The director said: ‘I have no idea. It will be a nice addition to the Taika Waititi box-set though’ going on to say ‘you can expect a Taika-esque tone,’ as well as mentioning that Marvel had been ‘very accepting’ of his uniquely bombastic filmmaking style.
This response makes sense coming from the director of What We Did In The Shadows – the only film to date to nail down the vampire flat-share sub-genre – who was never going to trade in his eccentric humour for Marvel conformity.
But it also suggests the studio are giving more creative freedom to cult directors like Waititi, in the hope that a little bit of oddball ingenuity will help them to maintain their stranglehold on the superhero genre.
Guardians of the Galaxy, a bonkers concoction of comedy, space opera and western, has always stood apart from the rest of the Marvel canon and while we’ve seen Thanos teases in both of the Avengers films, writer/director James Gunn isn’t planning to join the Marvel dots in next year’s Guardians of the Galaxy vol.2, leaving his ragtag space bandits to be introduced to the MCU’s earthbound adventurers in Avengers: Infinity War.

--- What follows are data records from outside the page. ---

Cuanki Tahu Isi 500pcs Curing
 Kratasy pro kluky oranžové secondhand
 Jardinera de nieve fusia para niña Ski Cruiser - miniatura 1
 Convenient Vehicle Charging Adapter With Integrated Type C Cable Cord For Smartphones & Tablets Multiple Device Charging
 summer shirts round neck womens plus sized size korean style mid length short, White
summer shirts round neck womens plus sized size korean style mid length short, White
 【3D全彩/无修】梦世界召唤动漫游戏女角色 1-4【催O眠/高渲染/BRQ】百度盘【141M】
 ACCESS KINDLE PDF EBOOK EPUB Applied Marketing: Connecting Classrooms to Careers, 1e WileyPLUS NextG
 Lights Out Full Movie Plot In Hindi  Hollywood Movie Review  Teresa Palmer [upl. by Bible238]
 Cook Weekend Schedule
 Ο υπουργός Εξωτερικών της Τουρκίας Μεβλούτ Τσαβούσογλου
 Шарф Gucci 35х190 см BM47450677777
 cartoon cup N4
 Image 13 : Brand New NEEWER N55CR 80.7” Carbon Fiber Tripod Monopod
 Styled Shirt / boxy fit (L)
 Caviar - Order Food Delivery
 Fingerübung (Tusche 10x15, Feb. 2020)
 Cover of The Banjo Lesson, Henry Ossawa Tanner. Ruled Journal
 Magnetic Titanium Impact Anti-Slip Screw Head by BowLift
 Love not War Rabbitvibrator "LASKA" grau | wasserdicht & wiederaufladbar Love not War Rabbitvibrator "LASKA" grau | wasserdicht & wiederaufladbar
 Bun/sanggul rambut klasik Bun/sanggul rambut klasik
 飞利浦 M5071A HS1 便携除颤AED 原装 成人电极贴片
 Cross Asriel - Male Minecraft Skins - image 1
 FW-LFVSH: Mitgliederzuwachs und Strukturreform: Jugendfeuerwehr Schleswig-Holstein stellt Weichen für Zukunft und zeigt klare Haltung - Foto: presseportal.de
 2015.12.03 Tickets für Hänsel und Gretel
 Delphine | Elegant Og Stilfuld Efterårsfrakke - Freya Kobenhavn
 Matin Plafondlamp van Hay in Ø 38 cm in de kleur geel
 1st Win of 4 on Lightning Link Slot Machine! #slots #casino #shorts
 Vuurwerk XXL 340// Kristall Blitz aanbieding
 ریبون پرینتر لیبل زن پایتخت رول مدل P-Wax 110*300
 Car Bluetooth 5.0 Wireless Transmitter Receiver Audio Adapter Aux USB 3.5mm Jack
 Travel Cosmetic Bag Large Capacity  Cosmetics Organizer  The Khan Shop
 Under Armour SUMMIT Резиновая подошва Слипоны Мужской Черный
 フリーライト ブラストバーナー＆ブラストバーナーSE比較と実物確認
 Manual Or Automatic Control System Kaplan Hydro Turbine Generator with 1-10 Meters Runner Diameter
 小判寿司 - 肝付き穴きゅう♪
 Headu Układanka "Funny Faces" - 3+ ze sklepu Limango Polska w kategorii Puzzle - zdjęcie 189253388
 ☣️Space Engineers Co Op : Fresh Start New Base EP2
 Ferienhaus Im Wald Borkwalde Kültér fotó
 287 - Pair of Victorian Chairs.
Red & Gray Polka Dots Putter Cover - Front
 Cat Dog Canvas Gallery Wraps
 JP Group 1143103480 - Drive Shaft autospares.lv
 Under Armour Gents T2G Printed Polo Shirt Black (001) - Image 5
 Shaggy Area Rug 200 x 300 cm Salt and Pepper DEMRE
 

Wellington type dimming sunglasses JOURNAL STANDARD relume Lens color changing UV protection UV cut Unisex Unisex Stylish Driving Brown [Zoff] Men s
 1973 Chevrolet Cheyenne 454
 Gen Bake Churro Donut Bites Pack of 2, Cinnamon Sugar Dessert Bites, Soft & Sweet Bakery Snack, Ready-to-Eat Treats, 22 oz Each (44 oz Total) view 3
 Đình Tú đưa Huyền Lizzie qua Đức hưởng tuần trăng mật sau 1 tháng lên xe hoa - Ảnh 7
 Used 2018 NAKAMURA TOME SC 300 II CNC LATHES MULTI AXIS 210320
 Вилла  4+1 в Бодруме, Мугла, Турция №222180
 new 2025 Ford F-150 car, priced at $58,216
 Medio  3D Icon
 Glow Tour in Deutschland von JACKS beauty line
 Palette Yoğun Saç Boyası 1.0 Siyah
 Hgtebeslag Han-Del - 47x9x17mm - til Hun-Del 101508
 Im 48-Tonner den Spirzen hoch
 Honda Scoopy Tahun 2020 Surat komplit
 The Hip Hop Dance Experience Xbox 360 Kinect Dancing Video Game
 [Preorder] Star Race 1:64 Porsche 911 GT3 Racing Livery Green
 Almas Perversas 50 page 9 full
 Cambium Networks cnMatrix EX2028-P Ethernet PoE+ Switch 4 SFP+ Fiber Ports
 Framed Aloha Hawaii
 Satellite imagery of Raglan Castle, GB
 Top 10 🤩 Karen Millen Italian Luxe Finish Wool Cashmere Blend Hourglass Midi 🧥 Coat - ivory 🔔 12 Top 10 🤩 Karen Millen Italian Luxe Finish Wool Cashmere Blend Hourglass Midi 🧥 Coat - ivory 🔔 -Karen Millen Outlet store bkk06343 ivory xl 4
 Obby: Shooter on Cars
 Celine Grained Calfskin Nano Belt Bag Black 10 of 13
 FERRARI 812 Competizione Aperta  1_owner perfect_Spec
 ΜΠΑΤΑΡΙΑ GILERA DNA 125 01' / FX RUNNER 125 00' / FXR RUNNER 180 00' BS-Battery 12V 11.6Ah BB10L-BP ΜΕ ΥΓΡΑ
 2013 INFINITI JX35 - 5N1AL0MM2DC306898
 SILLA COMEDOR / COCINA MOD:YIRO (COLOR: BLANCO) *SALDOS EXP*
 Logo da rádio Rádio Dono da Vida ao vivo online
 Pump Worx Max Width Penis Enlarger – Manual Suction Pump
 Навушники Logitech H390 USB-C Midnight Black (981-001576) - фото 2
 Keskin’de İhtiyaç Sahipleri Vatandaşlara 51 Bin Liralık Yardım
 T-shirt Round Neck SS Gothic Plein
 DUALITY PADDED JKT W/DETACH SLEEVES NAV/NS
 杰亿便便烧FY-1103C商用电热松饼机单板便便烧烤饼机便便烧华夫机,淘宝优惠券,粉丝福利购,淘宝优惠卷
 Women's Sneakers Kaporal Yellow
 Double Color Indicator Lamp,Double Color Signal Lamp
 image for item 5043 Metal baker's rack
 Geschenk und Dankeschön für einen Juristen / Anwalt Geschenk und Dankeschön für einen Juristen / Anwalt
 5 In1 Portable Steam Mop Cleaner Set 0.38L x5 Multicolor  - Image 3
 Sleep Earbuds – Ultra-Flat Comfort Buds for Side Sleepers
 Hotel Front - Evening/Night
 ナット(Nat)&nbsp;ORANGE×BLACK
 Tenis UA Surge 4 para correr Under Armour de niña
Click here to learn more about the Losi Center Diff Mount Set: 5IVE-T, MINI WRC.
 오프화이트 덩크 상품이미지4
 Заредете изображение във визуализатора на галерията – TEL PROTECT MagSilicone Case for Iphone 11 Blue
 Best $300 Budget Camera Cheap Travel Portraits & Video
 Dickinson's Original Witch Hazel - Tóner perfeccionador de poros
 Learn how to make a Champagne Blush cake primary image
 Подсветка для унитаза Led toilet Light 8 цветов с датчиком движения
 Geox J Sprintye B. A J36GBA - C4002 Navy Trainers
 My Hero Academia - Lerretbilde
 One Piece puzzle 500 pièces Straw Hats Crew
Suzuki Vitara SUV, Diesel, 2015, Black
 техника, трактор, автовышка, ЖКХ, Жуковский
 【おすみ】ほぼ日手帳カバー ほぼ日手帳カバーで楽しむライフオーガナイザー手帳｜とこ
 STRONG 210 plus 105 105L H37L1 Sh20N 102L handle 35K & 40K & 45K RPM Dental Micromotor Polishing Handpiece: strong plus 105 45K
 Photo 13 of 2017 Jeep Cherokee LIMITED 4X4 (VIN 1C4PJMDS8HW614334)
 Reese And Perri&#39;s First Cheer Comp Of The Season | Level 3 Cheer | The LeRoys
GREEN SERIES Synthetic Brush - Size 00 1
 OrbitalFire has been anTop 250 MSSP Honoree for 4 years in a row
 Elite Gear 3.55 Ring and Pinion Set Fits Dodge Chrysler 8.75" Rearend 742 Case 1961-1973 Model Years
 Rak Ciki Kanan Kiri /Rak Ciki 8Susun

Even Peyton Reed is asserting his independence from the Marvel fold ahead of the release of Ant Man and The Wasp, claiming that he would like to keep the rest of the Ant Man franchise in ‘its own little corner’ of the MCU.
Although we’re excited to hear that the studio are learning from their past mistakes – because, I mean imagine how much better Ant Man would have been with Simon Pegg and Cornettos – it’s unclear what this new direction will mean for massive, interconnected world that Marvel is attempting to build.
Can a film that features Thor and Hulk cruising down an intergalactic space-highway listening to The Power of Love coexist in a universe where Captain America methodically combats political corruption, while Antman quips his way through a micro-battle on top of Thomas the Tank Engine?
We’re not sure if any of these ideas make the slightest bit of sense when you put them all together, but we’re certainly excited to see how they pan out!